What this task involves:
Below this line are records; write out exactly the lines from the one containing "All right, guys." through the one containing "In the table", with the pictures left out.

(Saved data entries)
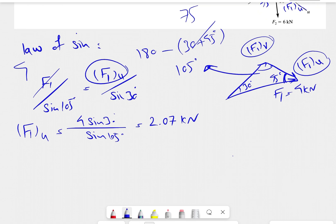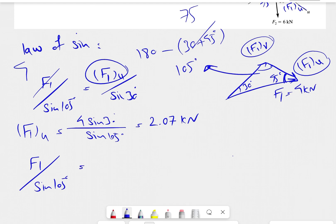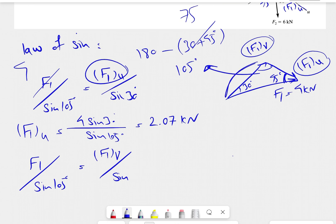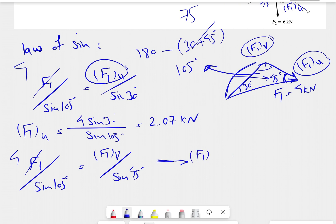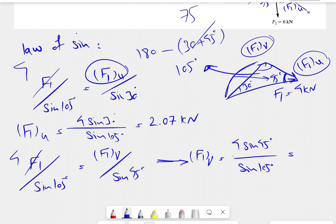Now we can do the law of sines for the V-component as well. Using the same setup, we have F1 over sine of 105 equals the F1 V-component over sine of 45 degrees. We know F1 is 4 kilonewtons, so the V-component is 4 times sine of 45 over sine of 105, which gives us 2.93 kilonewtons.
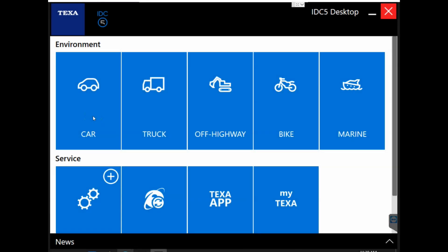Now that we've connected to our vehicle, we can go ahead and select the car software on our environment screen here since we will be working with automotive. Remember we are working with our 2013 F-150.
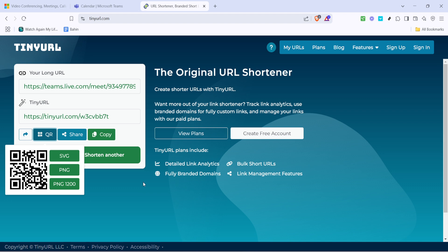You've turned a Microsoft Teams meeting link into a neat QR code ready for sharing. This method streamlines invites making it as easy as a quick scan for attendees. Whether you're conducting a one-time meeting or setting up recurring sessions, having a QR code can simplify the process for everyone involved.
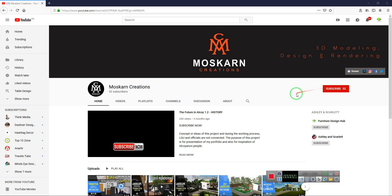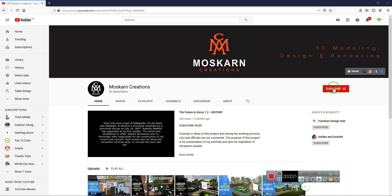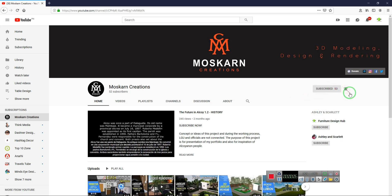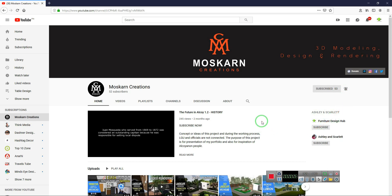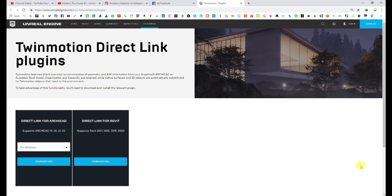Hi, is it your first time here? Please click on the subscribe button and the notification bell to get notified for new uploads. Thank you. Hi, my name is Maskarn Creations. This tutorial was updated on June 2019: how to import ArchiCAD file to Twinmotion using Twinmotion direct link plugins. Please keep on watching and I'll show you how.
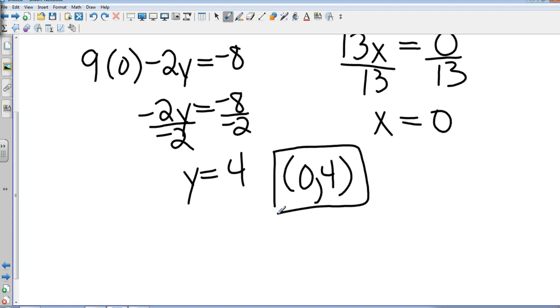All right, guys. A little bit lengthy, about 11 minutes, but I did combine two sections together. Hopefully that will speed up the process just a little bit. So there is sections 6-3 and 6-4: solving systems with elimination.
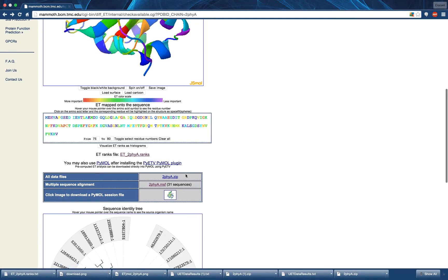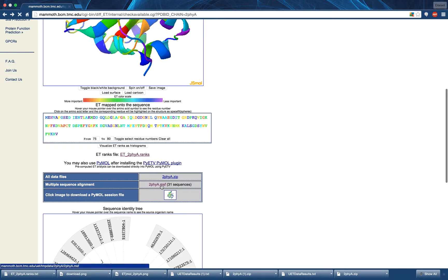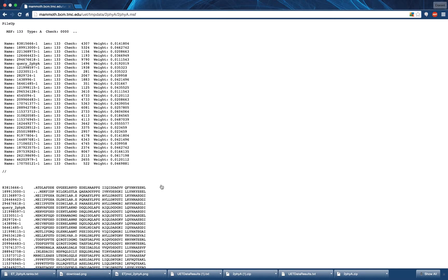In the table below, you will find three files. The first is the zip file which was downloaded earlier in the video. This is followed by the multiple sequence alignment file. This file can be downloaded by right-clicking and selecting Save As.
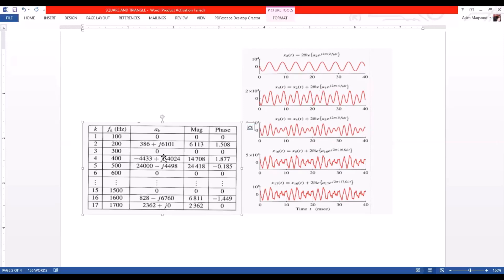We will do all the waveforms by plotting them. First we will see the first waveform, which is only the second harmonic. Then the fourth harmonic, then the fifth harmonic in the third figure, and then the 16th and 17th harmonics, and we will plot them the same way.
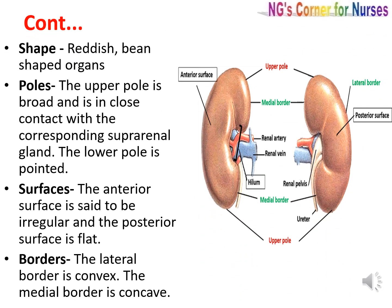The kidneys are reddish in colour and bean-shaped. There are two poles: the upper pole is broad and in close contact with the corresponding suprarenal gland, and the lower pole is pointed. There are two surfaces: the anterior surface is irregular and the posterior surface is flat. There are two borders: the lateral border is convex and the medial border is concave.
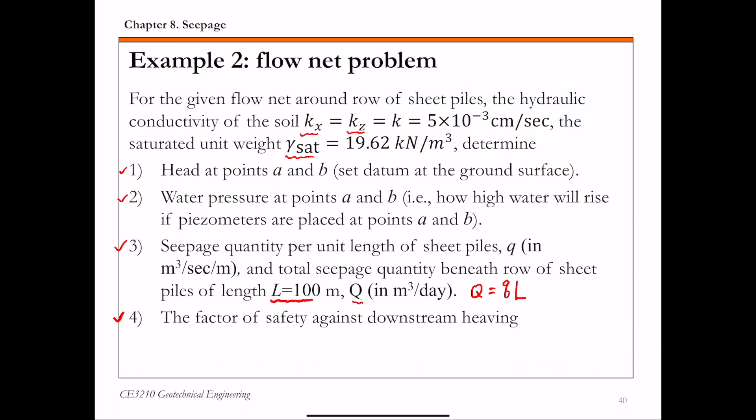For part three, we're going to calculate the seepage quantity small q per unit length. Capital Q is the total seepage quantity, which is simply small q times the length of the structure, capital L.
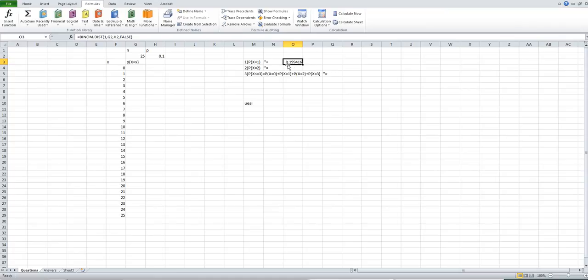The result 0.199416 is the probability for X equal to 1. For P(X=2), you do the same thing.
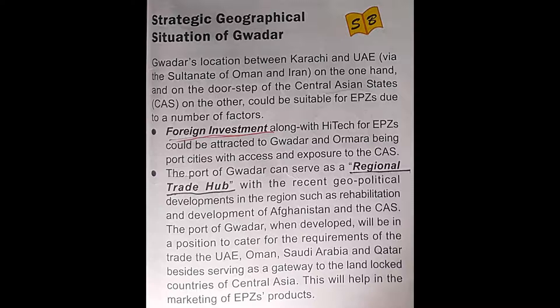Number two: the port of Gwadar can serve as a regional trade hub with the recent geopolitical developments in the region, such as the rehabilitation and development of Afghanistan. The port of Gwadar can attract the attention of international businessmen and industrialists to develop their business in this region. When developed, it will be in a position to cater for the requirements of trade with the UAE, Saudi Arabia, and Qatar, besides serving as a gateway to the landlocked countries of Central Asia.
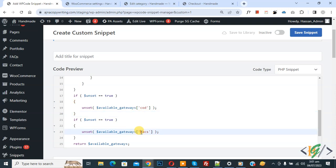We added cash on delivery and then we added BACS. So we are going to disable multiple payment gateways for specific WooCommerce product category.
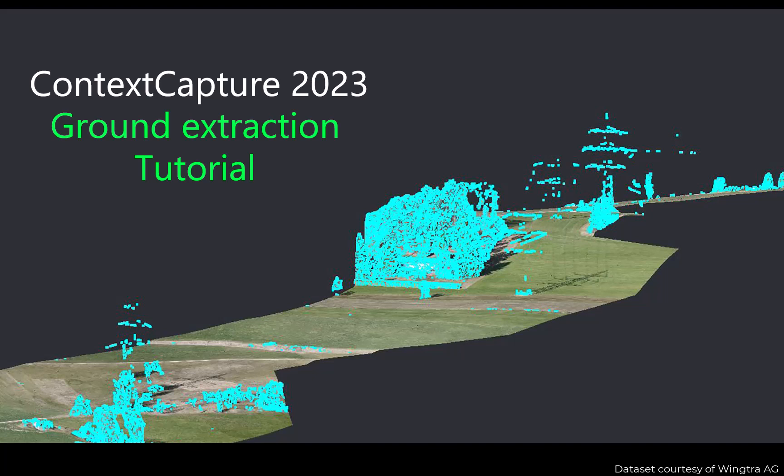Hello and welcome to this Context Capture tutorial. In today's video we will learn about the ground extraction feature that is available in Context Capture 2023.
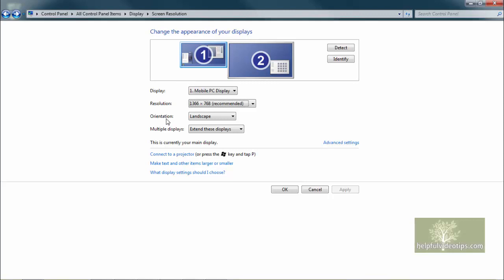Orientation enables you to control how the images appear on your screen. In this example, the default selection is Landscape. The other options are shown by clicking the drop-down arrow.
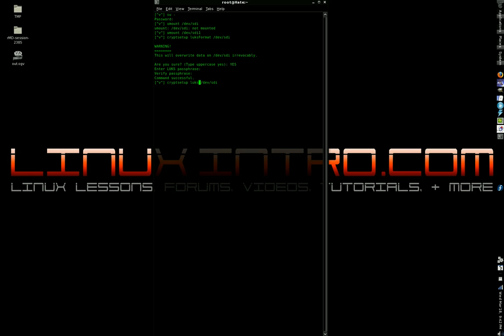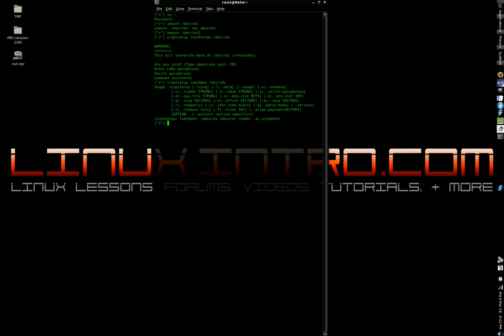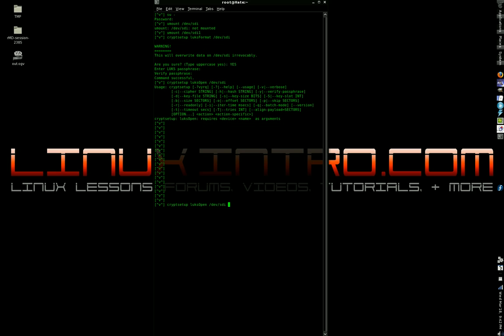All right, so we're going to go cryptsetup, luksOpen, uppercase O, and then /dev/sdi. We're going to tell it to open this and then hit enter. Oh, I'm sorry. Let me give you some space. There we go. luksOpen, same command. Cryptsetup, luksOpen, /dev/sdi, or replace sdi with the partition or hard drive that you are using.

Reply to the exercise:
All right, guys. A little bit lengthy, about 11 minutes, but I did combine two sections together. Hopefully that will speed up the process just a little bit. So there is sections 6-3 and 6-4: solving systems with elimination.
In the table below, you will find three files. The first is the zip file which was downloaded earlier in the video. This is followed by the multiple sequence alignment file. This file can be downloaded by right-clicking and selecting Save As.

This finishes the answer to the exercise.